I just hit the attachment part of the listing and it opened in Adobe.

A GREAT document - thanks for doing this!

----------


## Bret Roberts

Printed out and lamanated, should come in handy.

Thank you.

----------


## Ted Eschliman

I used to sell a Micro-Fibre cloth with the Circle of Fifths on it but it never really took off. It was handy to drape over the case while practicing scales, and of course, clean the instrument after practice. Wonder if any would be interested if I resurrected it?

----------

Cecily_Mandoliner

----------


## MLT

Thanks for this download...I am heading to the UPS store during lunch to get it laminated.

Also, Ted, I have 4 or 5 of those cloths, not only educational--but I just prefer them.  Too bad they didn't take off.

----------


## wreded

Brad,
Thanks a bunch!  Already downloaded and i've *GOT* to share it with some guitar playing friends.  They're all stuck on actually reading the music and have absolutely no idea how or when changes happen in a song.  Understanding theory, even if just a little bit, sorta frees one from the "confines" of musical notation.  i'm not downplaying reading music, i can but i've always thought that actually writing music down merely gets the idea down on paper.  i think of it as translating from one language to another, something always gets lost or garbled in the translation.
Ted, i'd be interested in a couple of those nice cloths.  Again, one (at least) to keep, one (at least) to share

Dave

----------


## swampy

I learned it as 

Fat Charlie Gets Drunk After Eleven Beers

----------


## JeffD

Love the cloth Ted.

And I haved downloaded and printed out lots of stuff from JazzMando. In particular, I found some blank fret board diagrams that I printed out to document all my double stops. 

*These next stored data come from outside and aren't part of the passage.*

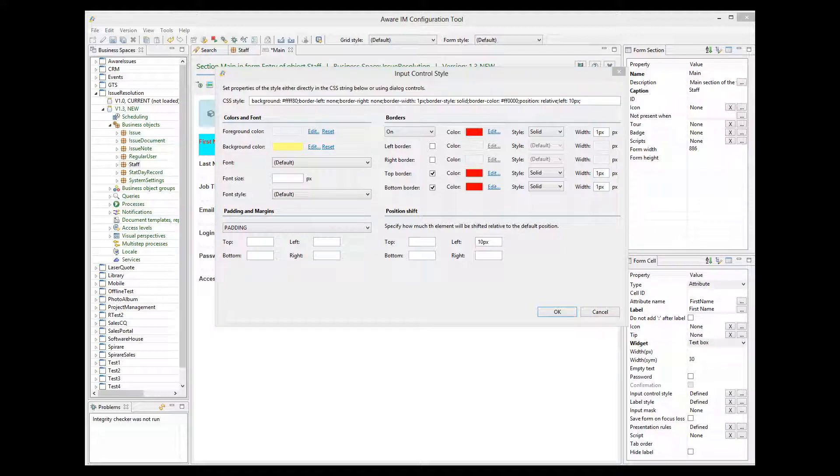Presentation rules apply certain properties such as styles to attribute cells conditionally or unconditionally. Let's add presentation rules to the type attribute of the issue object.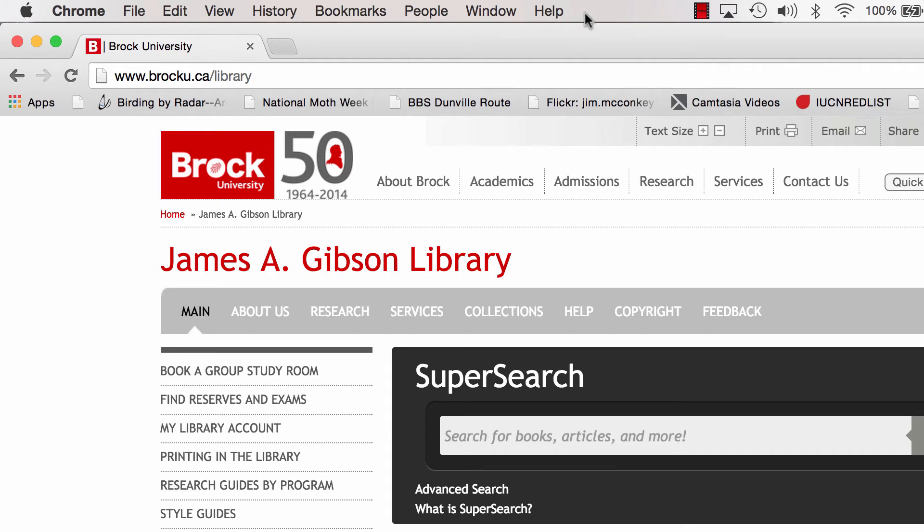Hi, my name is Marci Japlin and I'm the Biological Sciences liaison librarian here at Brock University. This video is about finding Bergey's Manual of Systematic Bacteriology online and being able to do some searching on it.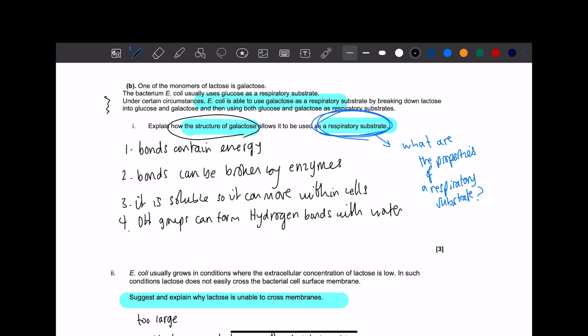Here are some things you need to know. I can't lie. I would write this down as a little framework for any questions that say, how does the structure of X allow it to be used for respiratory substrate? This is the same answer every time. Because it's a very general answer. It's not specific to galactose, really. It's just general. So, bonds contain energy. That's why the enzymes break the bonds so that the energy is released, so that it can be used for respiration.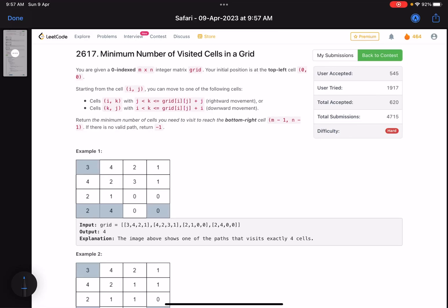Hello everyone, hope you are doing well. In this video we'll discuss the fourth problem of LeetCode Weekly Contest 340. It's a hard level problem and the problem name is 'Minimum Number of Visited Cells in a Grid'.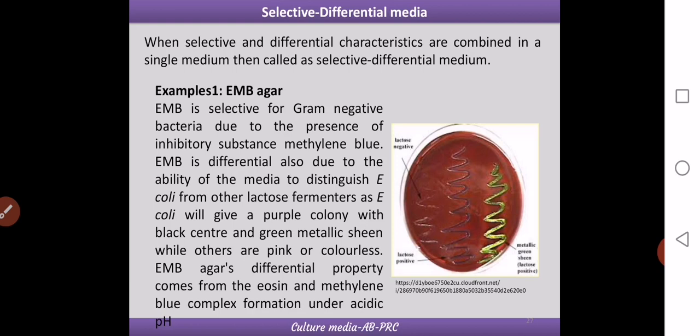EMB agar is selective for Gram-negative bacteria due to the presence of inhibitory substances like methylene blue. It is also differential because it differentiates Gram-negative organisms based on their lactose-fermenting ability. Specifically, it can distinguish E. coli from other lactose fermenters. E. coli will give a purple colony with a black center and a green metallic sheen, while non-E. coli bacteria that ferment lactose give a pink color, and non-fermenters give colorless colonies — all Gram-negative.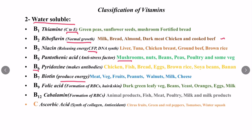Vitamin B9 is called folic acid, and it is responsible for the formation of RBCs, hair, and skin. Sources are dark green leafy vegetables, beans, yeast, oranges, eggs, and milk. Vitamin B12 is called cobalamin, and it is also responsible for the formation of red blood cells. Sources are animal products like fish, meat, poultry, milk, and dairy products.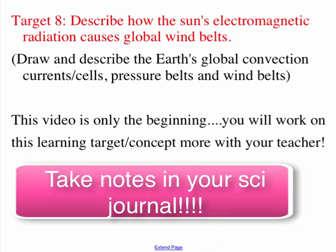Hi, everyone. Time for the big one — Target 8: how the Sun's electromagnetic radiation causes global wind belts, convection cells, and pressure belts.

After some workshops I went to this summer, I have gotten a bit away from paying attention to the names of the keys of the progression, and just dove into the number system. Move a closed double stop up a string, and its a fifth, move it up a string and down two frets (sort of a knight's move in chess) or move it down a string and its a fourth.  Drop down two frets in position and its a sixth. Things like that work well and I don't have to remember what key I am going to, or even what key I might be in. 

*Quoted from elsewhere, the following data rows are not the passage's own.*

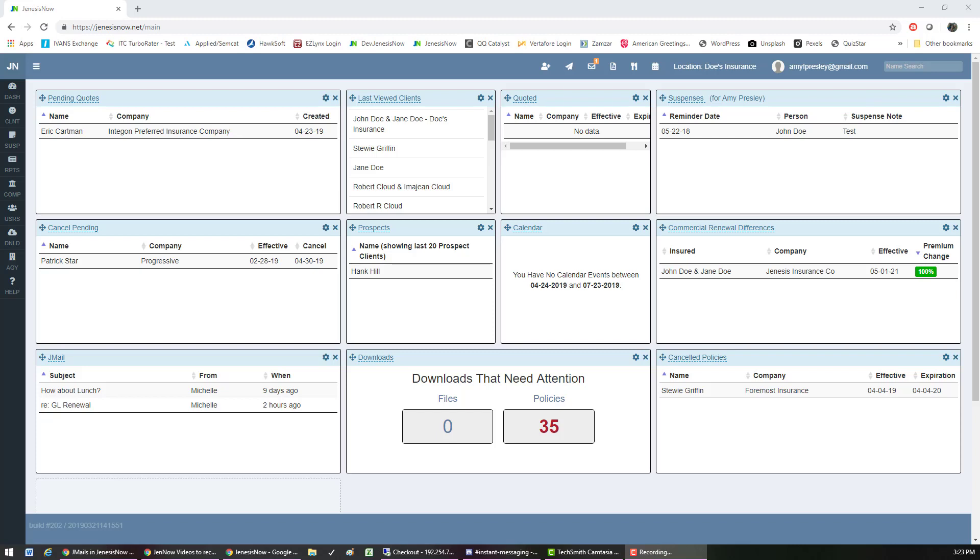Email and texting in Genesis Now. If I wanted to send a text to one of my clients, I can go up to the blue ribbon up here and choose send a text.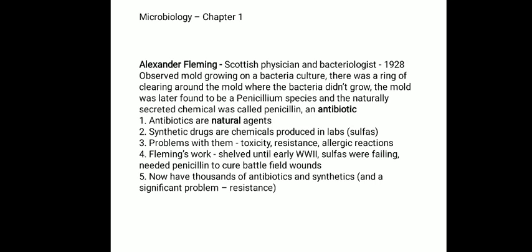This could be seen by the clearing of the surrounding agar gel. He was able to isolate the molds and identified that it was a member of the Penicillium genus. He found it to be effective against all gram-positive pathogens, which are responsible for diseases such as scarlet fever, pneumonia, gonorrhea, meningitis, and diphtheria.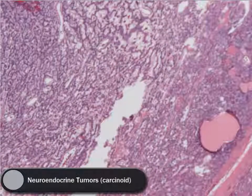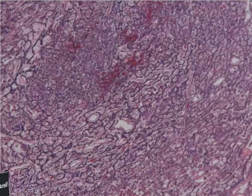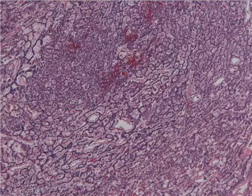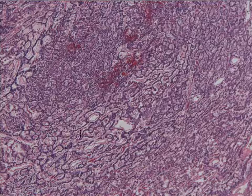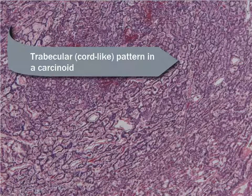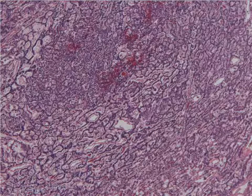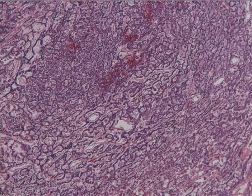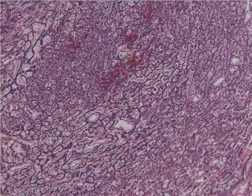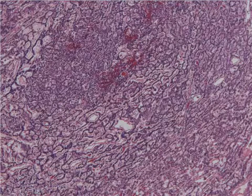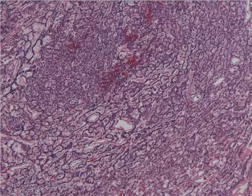The last tumor is a neuroendocrine carcinoma. Histologically, these are very characteristic lesions — they often have what we call a trabecular or nested appearance. Trabecular means the tumor grows in little purple cords separated by a hyalinized pink stroma. You can see that this tumor looks very different from the previous ones. This is a common finding in a carcinoid tumor, also called a well-differentiated neuroendocrine carcinoma, and there are different types of these tumors.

Its like remembering a quarter slice of the circle of fifths pie, and then slipping it around the circle blindly. Umm... er....  something like that.

----------


## martin impey

I'm with the innocent bystander. The mandolin is such a logical instrument that all the stuff in the circle of fifths diagram is right there on the fretboard. Intervals always have the same geometric shape unless you're too close to the nut.

Check this out:  (on A and E strings only)  Open - A, E  2nd fret B F#,  4th - Db,  Ab, 6th - Eb, Bb,  8th F, C,  10th G, D.  Which completes the circle!    Martin

----------


## G'DAE

Hi! I can't seen to open your attachment. Any help?
Bob.

----------


## Arto

I could´t either, clicking or double-clicking the mouse on the attachment with the left mouse button. Worked well clicking with the right mouse button ja choosing "open file in a new window". Maybe works for you, too.

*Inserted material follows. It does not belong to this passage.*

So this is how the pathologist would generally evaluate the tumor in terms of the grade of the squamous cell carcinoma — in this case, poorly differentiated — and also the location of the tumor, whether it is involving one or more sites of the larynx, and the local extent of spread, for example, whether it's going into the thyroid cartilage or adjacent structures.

PS: Don´t know why this is so, but I´m a moron what comes to computers. Would somebody civilize me in this (sorry, no mandolin content ;-)

----------


## G'DAE

Thanks Arto..... I never thought to right click, I'm not computer whiz either. 
Bob.

----------


## OzMando

> I learned it as 
> 
> Fat Charlie Gets Drunk After Eleven Beers


Interesting  :Confused:   My highschool music teacher always remembered the order of the sharps and flats as:
Fat Charlie Goes Down After Eating Bananas   :Smile: 

Very Useful resource provided by the OP by the way.  Thankyou.

----------


## Pavel+

Brad; as a beginner, trying to make sense of what appears as complete randomness ... thanks for putting this up.  It makes the whole jigsaw puzzle, that is music from my perspective, just a little clearer.  More please!  :Smile:

----------


## John Ritchhart

> First I learned the phrase "Frank Can Get Drunk At Every Bar" this gave me:
> 
> FCGDAEB


I learned it "Fat Cats Go Down Alleys Eating Boloney" 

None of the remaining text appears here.